Sixth-graders to move to Baker Elementary
By Jordan Cohen
VIENNA — With the closing of Neal Middle School, a certainty at the conclusion of the current school year, the Mathews board of education has decided to replace the building by adding trailers and moving the sixth grade to Baker Elementary.
Neal, which is nearly 90 years old, has deteriorated rapidly, and a state inspector said one of two boilers in the building is unsafe, according to Superintendent Lee Seiple.
The building currently houses more than 200 sixth-, seventh- and eighth-graders.
The superintendent offered the board four options to consider including the use of classrooms at several nearby churches and realigning some of the grades in the other elementary buildings. Several board members and some of the building principals voiced concerns that some of the options would create such issues as adequate restrooms, administrative staffing and kitchen availability.
Under the option the board accepted, two or three classroom trailers would be purchased and placed in the proximity of the high school.
“It costs $80,000 for new trailers and $20,000 to install, but I’m hoping we can find some used ones for $24,000 each,” Seiple said.
“I don’t see any other viable option,” said Ken Wallace, board president.
One possibility not on the superintendent’s option list was resubmission of a bond issue for new school construction. A $22.5 million issue was soundly defeated in last November’s election, and Seiple said previously he did not detect any interest from board members in resubmitting it so soon to the voters.
Earlier in the meeting, the board voted to submit its five-year operating levy for a reduced amount of 7.8 mills in the May 4 election. The issue replaces the previous levy of 7.9 mills.
Mathews faces other costs related to the Neal closing. Seiple said the Environmental Protection Agency has ordered the district to install a new septic system for the high school, especially since classroom trailers will be added to the site.

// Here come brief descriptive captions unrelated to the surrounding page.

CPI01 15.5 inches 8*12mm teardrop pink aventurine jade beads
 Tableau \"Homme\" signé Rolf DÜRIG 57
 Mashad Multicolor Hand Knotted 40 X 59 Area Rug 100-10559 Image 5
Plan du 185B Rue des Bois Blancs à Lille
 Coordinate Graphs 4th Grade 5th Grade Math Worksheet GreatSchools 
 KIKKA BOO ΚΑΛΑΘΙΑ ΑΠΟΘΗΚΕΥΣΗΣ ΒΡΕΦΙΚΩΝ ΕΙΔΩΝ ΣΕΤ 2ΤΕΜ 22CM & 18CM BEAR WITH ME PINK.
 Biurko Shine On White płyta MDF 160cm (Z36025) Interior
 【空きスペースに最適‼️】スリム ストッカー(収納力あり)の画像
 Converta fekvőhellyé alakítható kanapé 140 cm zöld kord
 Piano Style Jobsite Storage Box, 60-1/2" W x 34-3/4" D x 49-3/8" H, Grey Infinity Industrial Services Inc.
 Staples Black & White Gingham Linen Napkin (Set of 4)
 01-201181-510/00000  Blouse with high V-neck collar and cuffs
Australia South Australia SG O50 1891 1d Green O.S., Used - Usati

“We got a delay because of the bond issue, but the EPA is not going to let us go any longer,” the superintendent said.
None of the speakers suggested keeping Neal open.
“It’s a foregone conclusion it will have to be closed,” said George Garrett, Neal principal.
Board members said they expect to have other special meetings and work sessions due to the number of issues that remain to be resolved, such as zoning, sanitation and staffing.